A Feather on the Breath of God is an album of sacred vocal music written in the 12th century by the German abbess Hildegard of Bingen, and recorded by British vocal ensemble Gothic Voices with English soprano Emma Kirkby. It was released by the Hyperion Records label in 1982.

Production
It was recorded in St. Jude's Church, Hampstead Garden Suburb, London, on 14 September 1981. The music and Latin texts are from a contemporary medieval manuscript (Wiesbaden, Hessische Landesbibliothek M52) edited by Dr.

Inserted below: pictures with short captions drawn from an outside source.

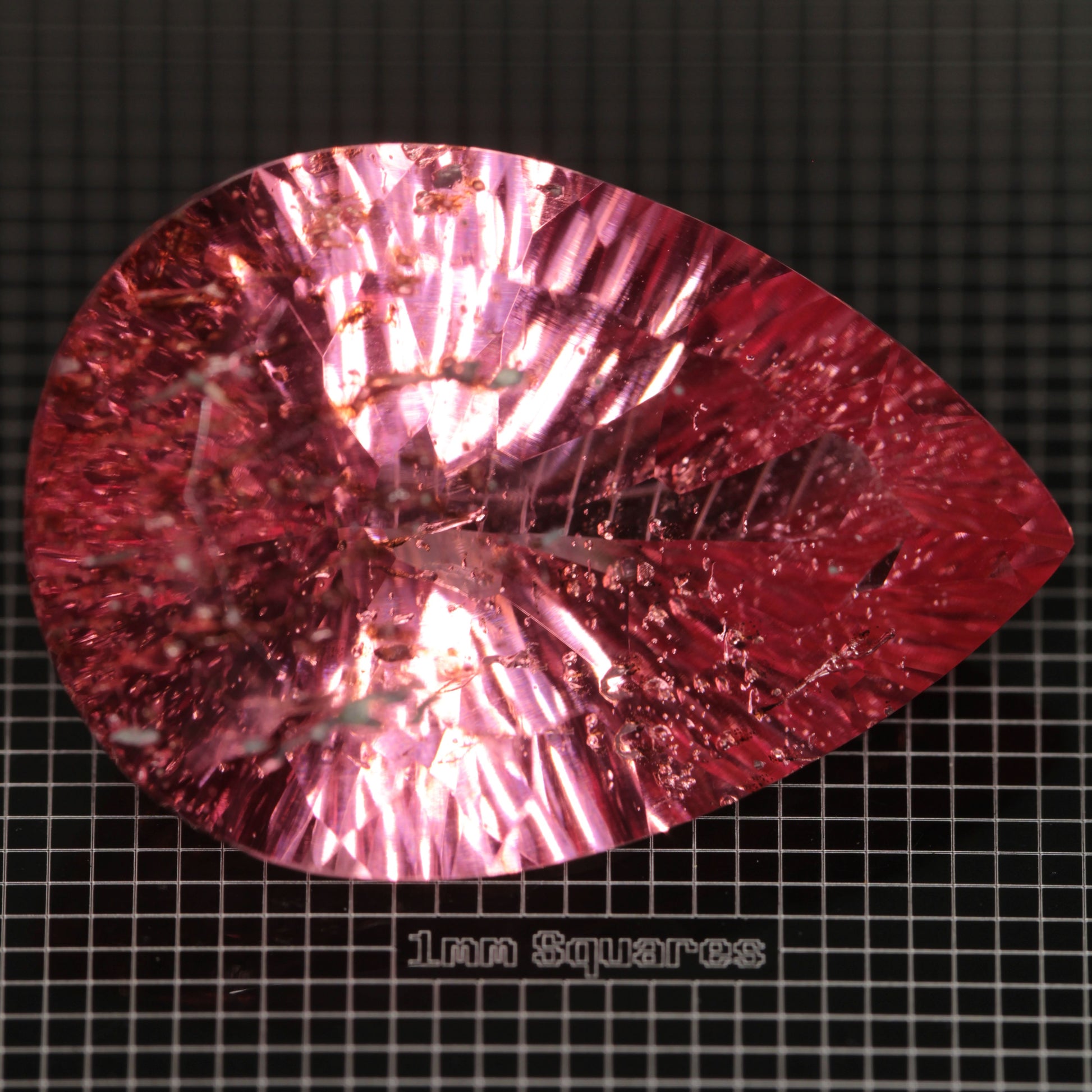 Faceted Strawberry Titanium Sapphire Pear gemstone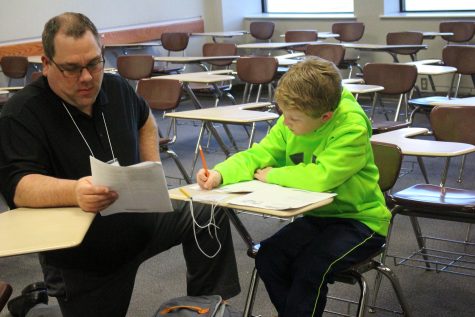 A student getting help with some math problems.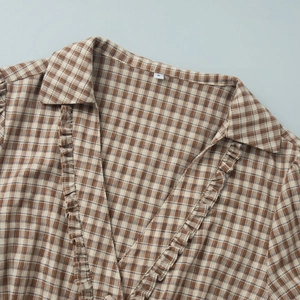 Detail of ruffled V-neck and collar on brown plaid shirt with size S tag visible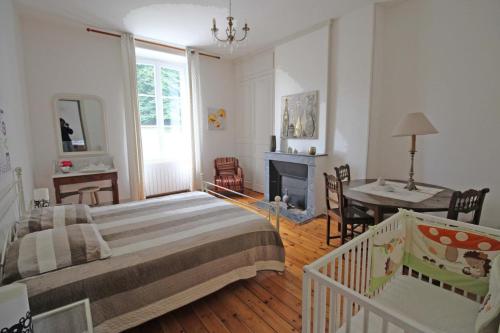 a bedroom with a bed and a desk and a fireplace at Brenac in Eymoutiers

Christopher Page, who also directed the recorded performance itself.

Notes
It is an album of early medieval plainchant of which the title is taken from a passage in Hildegard's writings in which she describes herself:

Listen: there was once a king sitting on his throne. Around him stood great and wonderfully beautiful columns ornamented with ivory, bearing the banners of the king with great honour. Then it pleased the king to raise a small feather from the ground and he commanded it to fly. The feather flew, not because of anything in itself but because the air bore it along. Thus am I '"A feather on the breath of God."

Accolades
The album received the Early-Medieval Gramophone Award for 1982–1983.

Legacy
In 2020, the album was selected by the Library of Congress for preservation in the National Recording Registry for being "culturally, historically, or aesthetically significant".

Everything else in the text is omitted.